Le Caravage è l’ultimo lavoro di uno dei maggiori sperimentatori del cinema d’oltralpe: Alain Cavalier. Un documentario intimo, sulle affinità elettive che si instaurano tra un cavallo e il suo addestratore.
Le Caravage di Alain Cavalier dura solo 70 minuti. Quanto basta per affascinarci. Pur con qualche momento di risacca, compensato da altri di grande poesia, Le Caravage è un’opera inusuale e per questo densa di interesse. Cavalier riprende, anzi documenta all’antica, senza ricorrere quasi mai alla musica. È l’immagine a strutturare il misterioso rapporto fisico e spirituale che lega l’equino all’uomo. Un legame dato dall’affetto e dall’autorevolezza che Bartabas dedica al suo “Caravaggio”, alla sua “opera d’arte”. Lo rimprovera e lo abbraccia, e il cavallo ricambia con sbuffi e baci.

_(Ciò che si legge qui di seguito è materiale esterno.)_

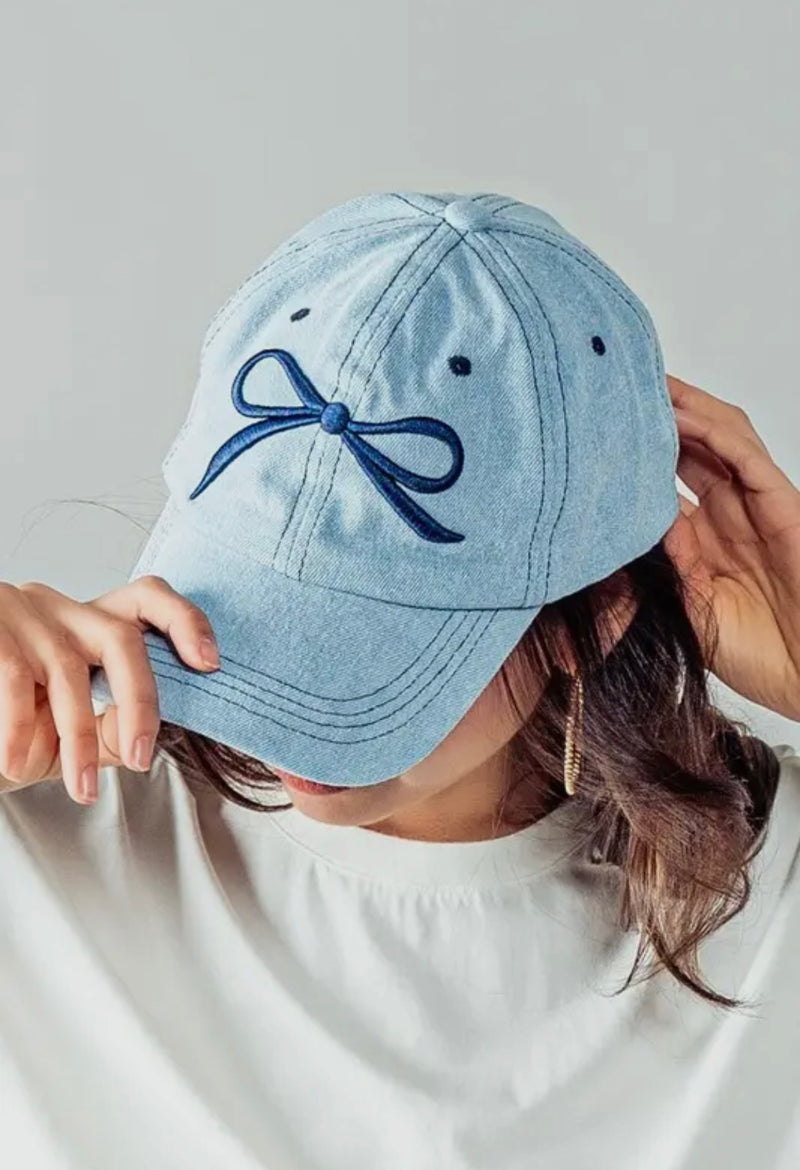 Urban Daizy Light Blue Baseball Cap with Dark Blue Bow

Li osserviamo sempre insieme. Dalla toeletta mattutina ai primi esercizi di riscaldamento alle prove di “passi di danza”. Cavalier, semplicemente osservando e riducendo al minimo il montaggio (quindi la distanza tra cinema e spettatore), ci mostra l’anima divisa in due che lega l’uomo e il cavallo, come fossero una cosa sola, come se Bartabas fosse uomo-cavallo e Caravage un cavallo-uomo.
Le Caravage è l’apoteosi del dettaglio. Cavalier inquadra il pelo del cavallo come se dovessimo accarezzarlo, i nervi e le vene delle sue gambe/zampe, fino alla pupilla dell’occhio. Il dettaglio riempie e satura lo schermo.
Insomma, Le Caravage è un film che quasi ci riporta alla dimensione primitiva del cinema, a quella scomposizione della corsa del cavallo operata in fotografia da Muybridge in quel lontano 1874 che è stato tappa fondamentale verso quello che, circa vent’anni dopo, sarebbe stato il Cinematografo.